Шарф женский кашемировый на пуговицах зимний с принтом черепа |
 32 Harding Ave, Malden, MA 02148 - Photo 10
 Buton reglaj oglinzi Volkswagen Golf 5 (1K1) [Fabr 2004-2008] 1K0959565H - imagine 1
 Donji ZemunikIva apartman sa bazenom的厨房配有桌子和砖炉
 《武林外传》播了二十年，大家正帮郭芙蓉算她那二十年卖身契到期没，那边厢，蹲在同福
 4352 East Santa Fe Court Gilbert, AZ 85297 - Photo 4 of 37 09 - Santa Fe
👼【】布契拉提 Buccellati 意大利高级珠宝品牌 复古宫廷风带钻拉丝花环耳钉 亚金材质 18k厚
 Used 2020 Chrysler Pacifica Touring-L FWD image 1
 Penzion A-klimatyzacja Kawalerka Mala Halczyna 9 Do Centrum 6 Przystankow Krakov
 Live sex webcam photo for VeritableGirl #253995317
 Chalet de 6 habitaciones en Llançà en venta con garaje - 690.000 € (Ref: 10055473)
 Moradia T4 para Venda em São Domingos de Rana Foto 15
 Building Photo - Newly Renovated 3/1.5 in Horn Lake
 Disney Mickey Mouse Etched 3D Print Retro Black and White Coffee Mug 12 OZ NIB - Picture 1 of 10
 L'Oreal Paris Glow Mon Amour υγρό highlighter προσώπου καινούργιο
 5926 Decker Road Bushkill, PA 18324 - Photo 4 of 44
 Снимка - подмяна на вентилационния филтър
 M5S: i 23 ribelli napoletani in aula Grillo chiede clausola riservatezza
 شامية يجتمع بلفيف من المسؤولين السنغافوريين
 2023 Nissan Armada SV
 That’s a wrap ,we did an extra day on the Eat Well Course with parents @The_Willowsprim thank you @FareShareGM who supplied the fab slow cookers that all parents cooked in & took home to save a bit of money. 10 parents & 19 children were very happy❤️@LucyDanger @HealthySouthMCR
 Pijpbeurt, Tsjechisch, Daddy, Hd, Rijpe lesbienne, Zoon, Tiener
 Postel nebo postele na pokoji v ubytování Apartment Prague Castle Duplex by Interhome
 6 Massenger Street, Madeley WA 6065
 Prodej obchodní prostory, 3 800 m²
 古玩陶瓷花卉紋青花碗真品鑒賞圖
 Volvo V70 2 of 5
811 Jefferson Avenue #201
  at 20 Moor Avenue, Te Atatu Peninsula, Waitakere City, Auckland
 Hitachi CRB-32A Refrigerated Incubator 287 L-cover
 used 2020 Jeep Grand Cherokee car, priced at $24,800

### PROBLEM TO WORK ON
So that no detail is lost, give every line of the data again exactly.

### ANSWER SECTION
Шарф женский кашемировый на пуговицах зимний с принтом черепа |
 32 Harding Ave, Malden, MA 02148 - Photo 10
 Buton reglaj oglinzi Volkswagen Golf 5 (1K1) [Fabr 2004-2008] 1K0959565H - imagine 1
 Donji ZemunikIva apartman sa bazenom的厨房配有桌子和砖炉
 《武林外传》播了二十年，大家正帮郭芙蓉算她那二十年卖身契到期没，那边厢，蹲在同福
 4352 East Santa Fe Court Gilbert, AZ 85297 - Photo 4 of 37 09 - Santa Fe
👼【】布契拉提 Buccellati 意大利高级珠宝品牌 复古宫廷风带钻拉丝花环耳钉 亚金材质 18k厚
 Used 2020 Chrysler Pacifica Touring-L FWD image 1
 Penzion A-klimatyzacja Kawalerka Mala Halczyna 9 Do Centrum 6 Przystankow Krakov
 Live sex webcam photo for VeritableGirl #253995317
 Chalet de 6 habitaciones en Llançà en venta con garaje - 690.000 € (Ref: 10055473)
 Moradia T4 para Venda em São Domingos de Rana Foto 15
 Building Photo - Newly Renovated 3/1.5 in Horn Lake
 Disney Mickey Mouse Etched 3D Print Retro Black and White Coffee Mug 12 OZ NIB - Picture 1 of 10
 L'Oreal Paris Glow Mon Amour υγρό highlighter προσώπου καινούργιο
 5926 Decker Road Bushkill, PA 18324 - Photo 4 of 44
 Снимка - подмяна на вентилационния филтър
 M5S: i 23 ribelli napoletani in aula Grillo chiede clausola riservatezza
 شامية يجتمع بلفيف من المسؤولين السنغافوريين
 2023 Nissan Armada SV
 That’s a wrap ,we did an extra day on the Eat Well Course with parents @The_Willowsprim thank you @FareShareGM who supplied the fab slow cookers that all parents cooked in & took home to save a bit of money. 10 parents & 19 children were very happy❤️@LucyDanger @HealthySouthMCR
 Pijpbeurt, Tsjechisch, Daddy, Hd, Rijpe lesbienne, Zoon, Tiener
 Postel nebo postele na pokoji v ubytování Apartment Prague Castle Duplex by Interhome
 6 Massenger Street, Madeley WA 6065
 Prodej obchodní prostory, 3 800 m²
 古玩陶瓷花卉紋青花碗真品鑒賞圖
 Volvo V70 2 of 5
811 Jefferson Avenue #201
  at 20 Moor Avenue, Te Atatu Peninsula, Waitakere City, Auckland
 Hitachi CRB-32A Refrigerated Incubator 287 L-cover
 used 2020 Jeep Grand Cherokee car, priced at $24,800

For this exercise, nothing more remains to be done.